Consult notes carry higher stakes for communication. They are read by clinicians who may not attend the evaluation in person. That means the reason for consult, relevant cardiac history, exam findings, data reviewed (EKG, troponin, echo, prior records), assessment, and numbered recommendations must be easy to find — usually in the first screen of the note.
This guide focuses on outpatient and inpatient cardiology consult documentation — distinct from our cardiac SOAP note examples for symptom-based visits and our EHR integration workflow for ongoing practice documentation.
Standard Structure of a Cardiology Consult Note
| Section | Purpose |
|---|---|
| Reason for consult | The referring question in one line — e.g., "Evaluate new murmur" or "Risk stratify chest pain." |
| History of present illness | Symptom timeline, triggers, associated features, ED/hospital course if applicable. |
| Cardiac history | Prior MI, CABG, PCI, valve disease, arrhythmias, heart failure, devices. |
| Cardiovascular risk factors | HTN, DM, lipids, smoking, family history, CKD. |
| Medications & allergies | Especially anticoagulants, antiplatelets, rate/rhythm drugs, diuretics. |
| Review of systems | Focused cardiac and relevant systemic symptoms. |
| Physical exam | Vitals, JVP, heart sounds, murmurs, lungs, edema, pulses. |
| Data reviewed | EKG/ECG, labs, imaging, prior cardiology records — with dates. |
| Assessment | Working diagnosis, differential, acuity, reasoning. |
| Recommendations | Numbered, actionable items for the referring team and patient. |
What Makes a Consult Note Useful
The best consult notes lead with the answer. Busy hospitalists skim. Put the clinical bottom line in the Assessment and make Recommendations numbered and specific: "1. Start aspirin 81 mg daily. 2. Obtain transthoracic echo within 24 hours. 3. Cardiology clinic follow-up in 2 weeks." Avoid vague language like "consider cardiology follow-up" without timing or interim management.

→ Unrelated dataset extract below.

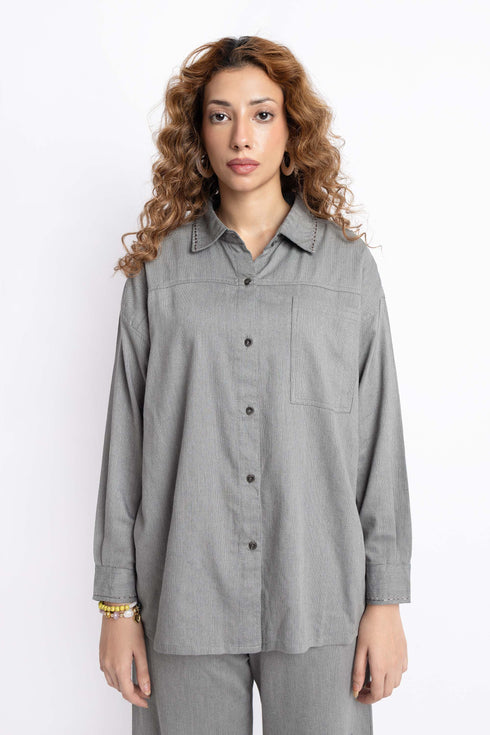 The Grey Oversized Shirt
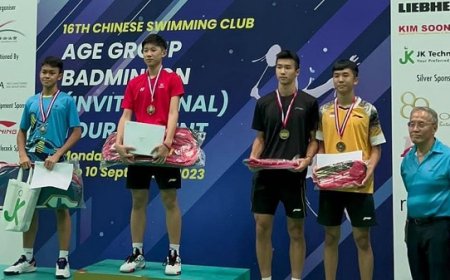 Siswa MAN 2 Banyumas Juara II Turnamen Bulu Tangkis Singapura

- State what records and studies you personally reviewed.
- Distinguish stable vs. unstable presentations explicitly.
- Include return precautions and who to call for worsening symptoms.
- Document shared decision-making for anticoagulation or invasive strategy when relevant.
- Send a concise consult letter to the referrer when your EHR workflow supports it.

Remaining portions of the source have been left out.